Ilam district was badly affected by the earthquake on September 18, 2011, with around 10,000 people displaced from their homes.
To actually try tea and see how it’s made, you’ll need to return back down the main road from Ilam as far as Kanyam (1hr 30min by Jeep). The tea factory here, built using British aid money in 1985, is the largest in the district. Once inside you’re likely to be welcomed with a short (free) tour and a cup of tea. The plucked leaves are loaded into “withering chutes” upstairs, where fans remove about half their moisture content. They’re then transferred to big rolling machines to break the cell walls and release their juices, and placed on fermentation beds to bring out their flavour and colour. Finally, most of the remaining moisture is removed in a wood-fired drying machine, and the leaves are sorted into grades. Ilam’s premium tea compares favourably with Darjeeling’s, and indeed most of it is exported to Germany to be blended into “Darjeeling” teas.

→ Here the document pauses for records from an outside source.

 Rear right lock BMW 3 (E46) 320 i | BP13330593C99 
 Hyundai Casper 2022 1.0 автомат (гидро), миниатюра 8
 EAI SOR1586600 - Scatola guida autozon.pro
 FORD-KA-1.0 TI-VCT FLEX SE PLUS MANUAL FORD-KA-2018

In addition to the mysterious Tharu , the Eastern Terai is also home to the Danuwars, who are widely distributed across the region, and the Majhis, who live in riverside settlements between the Bagmati and the Sun Koshi. Both groups traditionally rely more on fishing than hunting or farming. Most of the Terai’s Hindu caste families are first- or second-generation immigrants from India, and maintain close cultural, linguistic and economic ties with their homeland. In addition, a significant number of Muslims inhabit the Western Terai, especially around Nepalgunj, where they’re in the majority.

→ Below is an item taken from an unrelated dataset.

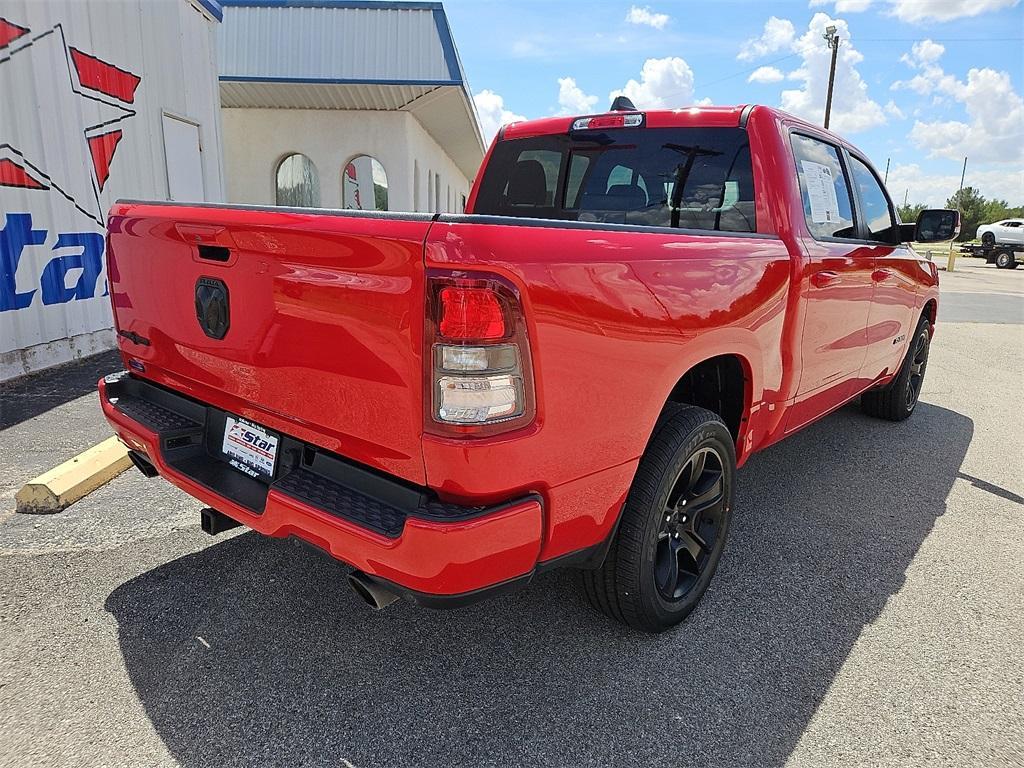 used 2020 Ram 1500 car, priced at $22,777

For centuries the only developed corridor through the Terai, the gentler southern section of the Tribhuwan Rajpath served, before air travel, as every foreigner’s introduction to Nepal. A narrow-gauge railway used to run from Raxaul, the last Indian station, as far as Amlekhganj, from where dignitaries were transported by elephant over the first band of hills to Hetauda, then carried the rest of the way to Kathmandu by donkey or sedan chair. Those few who made the journey during Nepal’s pre-1951 isolation did so only by invitation of the prime minister or king. The construction of the Rajpath in the 1950s eliminated the need for elephants and sedan chairs, but the railway wasn’t decommissioned until the 1970s.

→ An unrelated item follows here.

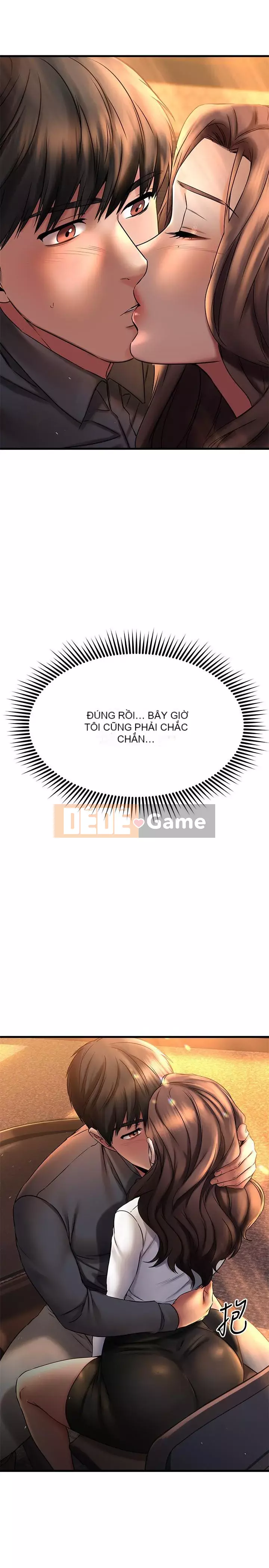 Bạn của tôi là quá nhiều Chương 38-39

If you’re arriving from India, the Rajpath makes an exhilarating introduction to Nepal, particularly if coupled with an overnight stay in Daman, from where there’s a superb Himalayan panorama. The dramatic northern section of the Tribhuwan Rajpath, including Daman, is covered here .
BIRGUNJ may not be one of the best places in Asia to spend time, but it certainly beats Raxaul, its evil twin across the border. The town has exploded in the last decade on the back of cross-border trade with India; its population has almost tripled since 2001. Unless you have business interests, there’s no reason to come here except to cross the border to or from Varanasi or Kolkata. Even then, you’re more likely to use Sonauli because of its better connections within Nepal. You could probably kill a few hours in the market area around Maisthan, a mother-goddess temple just off the main drag.
The border is 2km south of birgunj, and Raxaul, the Indian border town, sprawls for another 2km south of it. Horrendous traffic jams are a regular occurrence – if you’re driving it can take hours physically to get through, leaving aside the paperwork.